Tuesday, 19th December

Another great nights sleep – no toilet visits. The cat woke me at 6.30 but I wasn’t ready so put him in the shower room. Just another hour and then I was up. Nige didn’t want anything to eat but did need to pee. Getting to the bathroom was okay, though he is heavy and my right shoulder really bloody hurts at the moment. When he’d finished and we were making our way back to the bedroom, he sort of lurched over to the right, through the bedroom door which swung open, not providing him with the stability I think he thought it would. So, due to my less than 5 foot frame and his steroid pumped upper body, he tumbled to the floor, banging his arm on the bed as he went. I shouted for anyone to help but one was in the shower and the other one was asleep… In the end we managed but, as I said yesterday, the amount of effort he has to put into raising himself up from the floor renders him helpless for hours.

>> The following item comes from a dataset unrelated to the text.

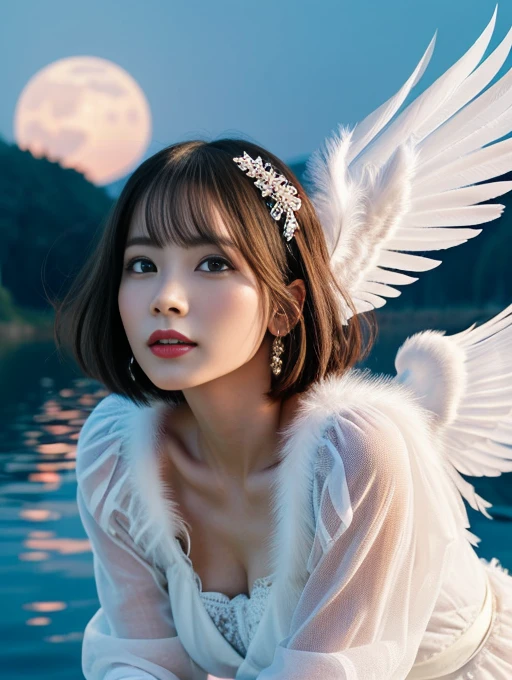 (A Ultra cute young Japanese Angel:1.75), (She has real Angel wings:1.75),(she wearing a decorated with feathers and lace holy angel costume slim fit:1.75),(She is an angel floating in the air on the lake:1.5),(beautiful detailed eyes:2.0),beautiful detailed lips, (extremely detailed cute face:2.0), longeyelashes, (slender woman body:1.75), (beautiful short hair:1.75), (natural makeup:1.2),big smile, incredibly beautiful skin,(professional lighting, bright lighting, photorealistic, 8k, high resolution, best quality, masterpiece, ultra-detailed:1.75), vivid colors, (Moonlit Night:1.5),(The moonlight shines on her face:1.2)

Breakfast is becoming a problem. I brought him up some toast because that’s what he said he wanted but he didn’t want it. So I tried to explain all the possibilities. Eventually we settled on porridge. I brought extra milk up, in case it wasn’t runny enough (it wasn’t) and fed him myself. He seems to have gone downhill since yesterday but then he did fall and bang his back and then he fell again this morning… it’s all very logical. I think.

Just before lunch the district nurse came. She was so lovely, checked Nigel’s back for us and took his blood sugar levels. She just nattered on about Christmas and our situation.

“People tend to avoid us. Not all, but you’d be surprised at the ones that do.”

“You’re right. When I lost my first husband – hmm, I haven’t really spoken about this to anyone – anyway, I was 26 and people would cross the road to avoid me…”

We both stood in the bedroom, welling up. A note to all then: rather than avoid us, be the distraction we desperately crave.

I felt better after she left. She said some very complimentary things about me which made me feel better about myself – being absent when he falls in the living and then not strong enough to get through the door intact – both things that would’ve happened anyway, eventually.

Nige didn’t want lunch. Consequently he missed his lunchtime meds. At about half 4 he’d taken himself to the loo. It took Harry and I to get him back though. Whilst he was on the toilet he said,

“I need to be in hospital.”

I felt like my heart was being screwed up into a tiny ball.

“They’ll give me injections.”

Then I think I got it. I’d said earlier that he was heavy and that I find it hard to get him to the bedroom. He told me the boys need to do more. When he heard me shout for Harry and then have to wait, he was cross. It could also have something to do with me missing his lunchtime meds too… Anyway, once I’d taken Gabe to work, I curled up beside him and explained that hospital would only do what I do. No injections. I asked if he wanted dinner,


Okay, well I can’t force him to eat. I did ring Dorothy House about increasing his steroids but I need to call tomorrow. So it was, I sat downstairs watching TV and colouring in whilst my beloved slept so deeply upstairs, in the marital bed.IMG_1762

I’m not sure I ever thought this would be how we’d spend our 25th Wedding Anniversary.